■ To do ■
Retype the records in full, and please keep the pictures out of the copy.

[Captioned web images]

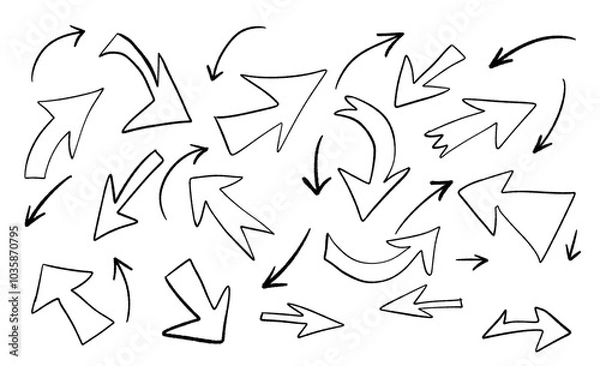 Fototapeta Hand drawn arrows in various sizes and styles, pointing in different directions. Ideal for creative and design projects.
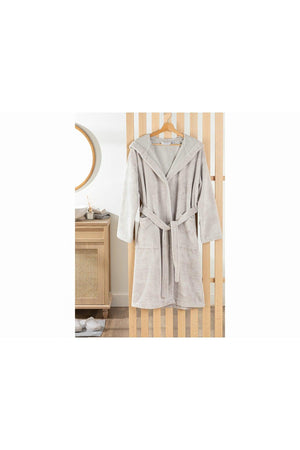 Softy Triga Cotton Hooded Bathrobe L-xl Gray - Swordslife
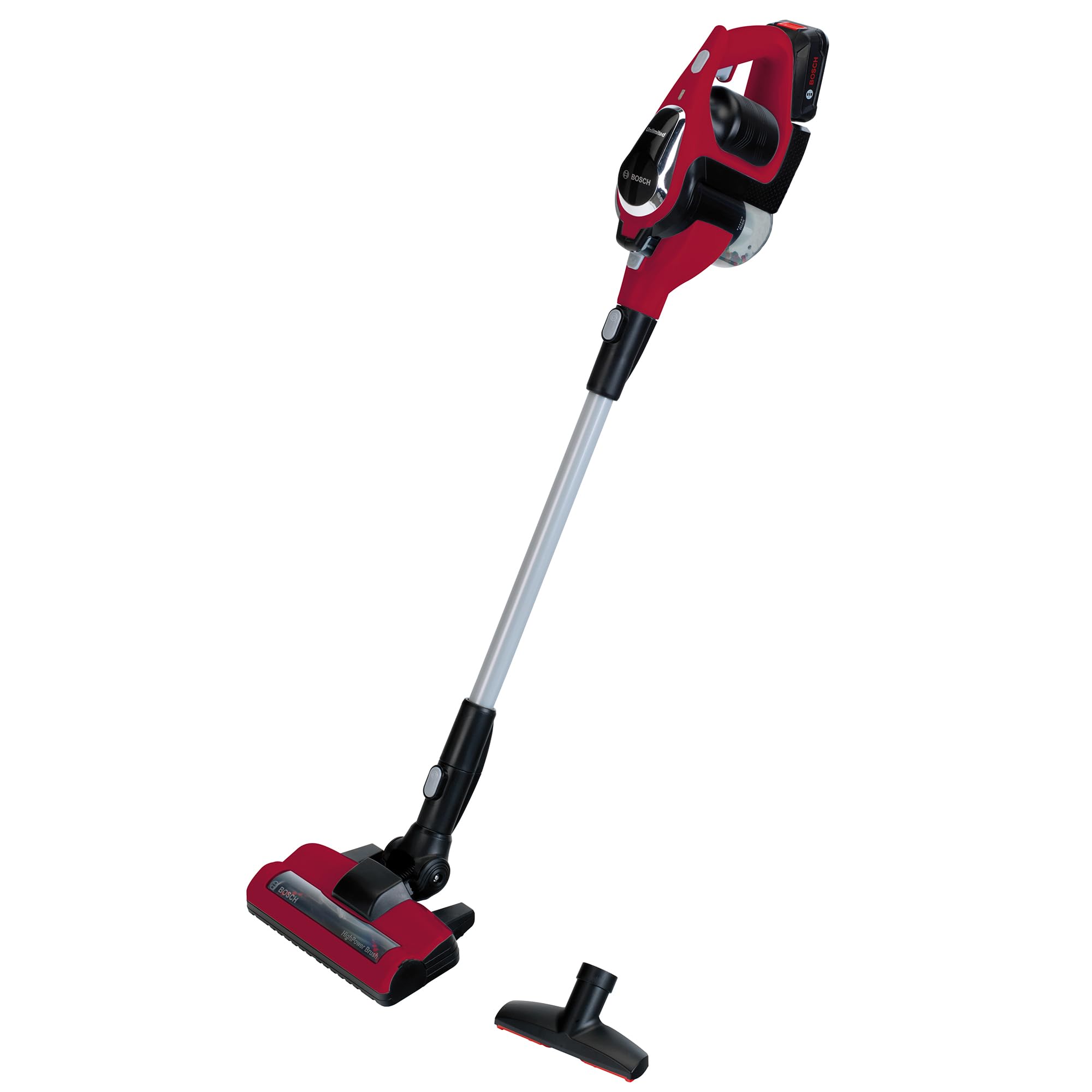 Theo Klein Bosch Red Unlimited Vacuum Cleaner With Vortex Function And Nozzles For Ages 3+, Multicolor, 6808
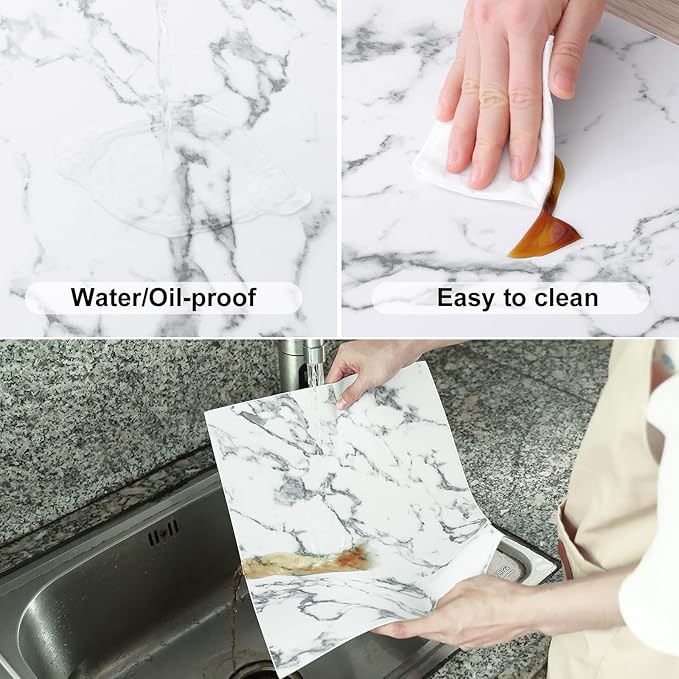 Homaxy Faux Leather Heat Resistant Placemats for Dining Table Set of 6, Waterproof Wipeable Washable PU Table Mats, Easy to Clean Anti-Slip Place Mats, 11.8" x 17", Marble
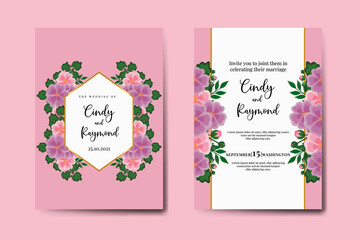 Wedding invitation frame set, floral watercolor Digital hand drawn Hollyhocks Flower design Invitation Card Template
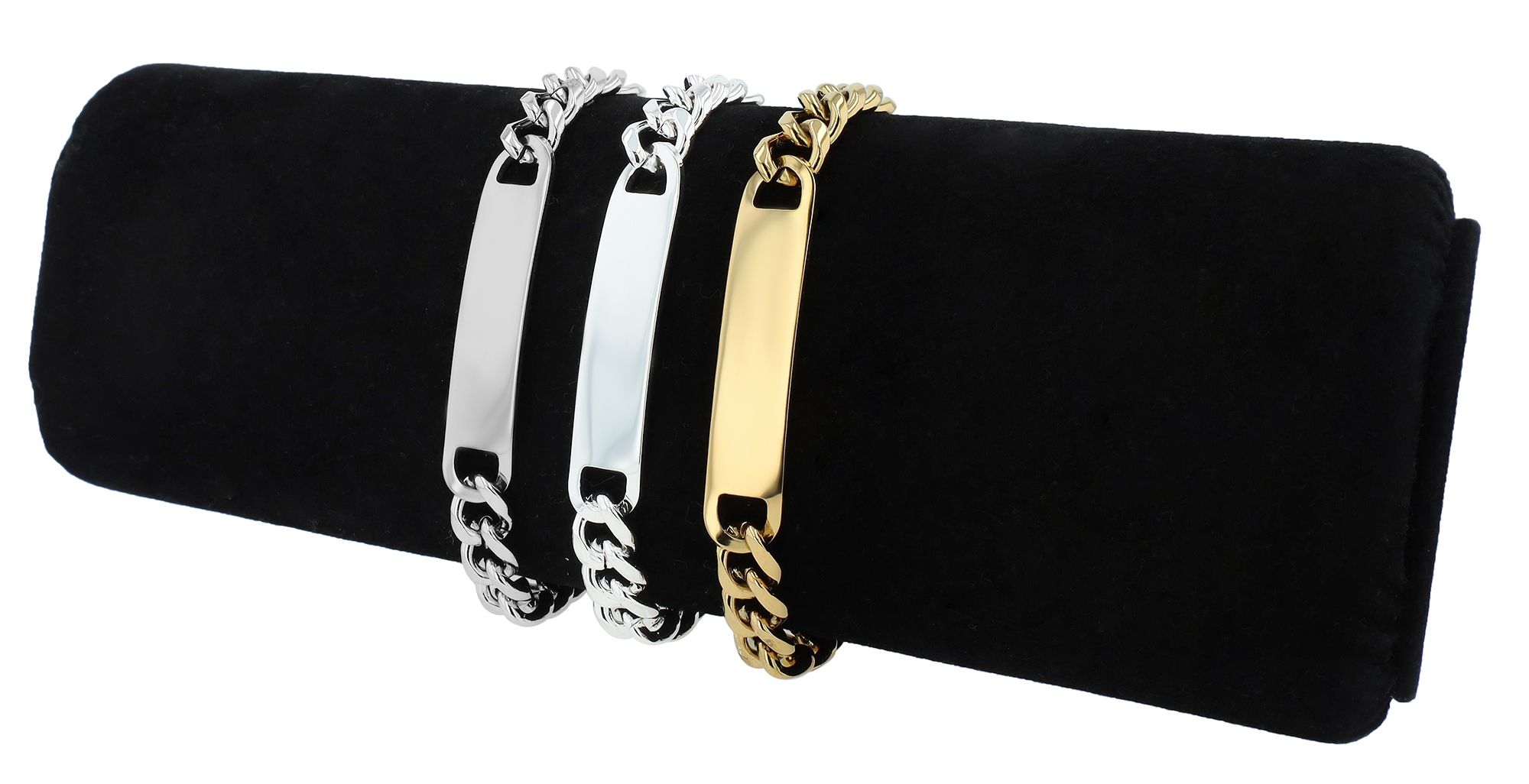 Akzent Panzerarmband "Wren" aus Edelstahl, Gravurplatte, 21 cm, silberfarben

■ Output below ■
 Fototapeta Hand drawn arrows in various sizes and styles, pointing in different directions. Ideal for creative and design projects.
 Softy Triga Cotton Hooded Bathrobe L-xl Gray - Swordslife
 Theo Klein Bosch Red Unlimited Vacuum Cleaner With Vortex Function And Nozzles For Ages 3+, Multicolor, 6808
 Homaxy Faux Leather Heat Resistant Placemats for Dining Table Set of 6, Waterproof Wipeable Washable PU Table Mats, Easy to Clean Anti-Slip Place Mats, 11.8" x 17", Marble
 Wedding invitation frame set, floral watercolor Digital hand drawn Hollyhocks Flower design Invitation Card Template
 Akzent Panzerarmband "Wren" aus Edelstahl, Gravurplatte, 21 cm, silberfarben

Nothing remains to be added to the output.